Amid the experiences of the trip, the Sway Machinery recorded two albums' worth of collaborations with popular Malian musicians. The first, The House of Friendly Ghosts, Vol. 1, comes out March 22 on JDub Records. The second volume is still being mixed.
The music is a blend of ancient Judaic liturgies, klezmer horns, blues rhythms, and characteristically Malian sounds on percussion, guitar, and vocals. It takes a step away from the cantorial feel of the Sway Machinery's second album, Hidden Melodies Revealed, and moves toward world music.
Lockwood has always liked to mix genres. He grew up under the influence of his mentor, bluesman Carolina Slim, and his grandfather, Jacob Konigsberg, a New York cantor and recording artist. In the studio in Mali, the band was delighted to receive a near-constant stream of visiting musicians.
They began recording "Golden Wings," which is featured on the first volume, alone. But when up-and-coming Malian guitarist Vieux Farka Touré (son of legendary desert bluesman Ali Farka Touré) fortuitously dropped by on his way to the airport, they handed him an instrument and he got strumming.

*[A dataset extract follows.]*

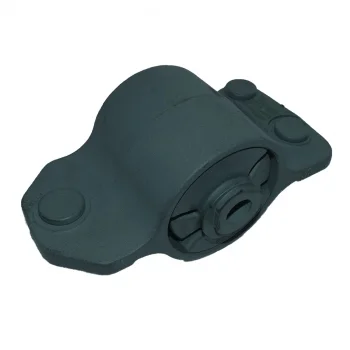 DEA Strut® A5836 Engine Mount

Super Onze, a local dance band, came by to play the ngoni, a West African instrument similar to a four-stringed lute.
Arby is featured most frequently on the new album. Her voice beautifully complements Lockwood's, and she even sings several of the tracks on her own. "She's such a monster of her instrument," Lockwood says. "That's the key to the uniqueness of the record — that's what really sets it apart, the contrast between her voice and my voice."
Lockwood is a rambler. He sounds like he's reciting poetry when he's speaking, and can wax at length about cantorial music, roots, tradition, and musical connections. He speaks quickly, but seems to think deeply about each word, lurching forward in speech then second-guessing himself. He seems to be energetic and passionate about practically everything.
Lockwood's Jewish ancestors were originally from the region of Romania once known as Transylvania; his grandmother fled the Nazis during World War II. Lockwood says he saw the journey to Mali as a return of sorts, not to his own cultural past per se, but to a place more reminiscent of the old world.
"Diaspora breeds the urge for return," he says. "And maybe you can't go back to what you had in your familial past, but there's a bigger picture of humanity waiting in unique places in the world, if you care to go and seek them out."
This is why Lockwood chose to name the albums The House of Friendly Ghosts. The image "related very much to this trip," he says. "To make friends with the familial and ancestral spirits that are in our imagination, and in our dreams, and to find places in life where you can let them speak."
Since Lockwood finished some gigs with his other band, Balkan Beat Box, the Sway Machinery is again traveling down bumpy roads, this time via bus in the more familiar terrain of the U.S. But they've brought an important reminder of their time in Mali: Arby is touring with them.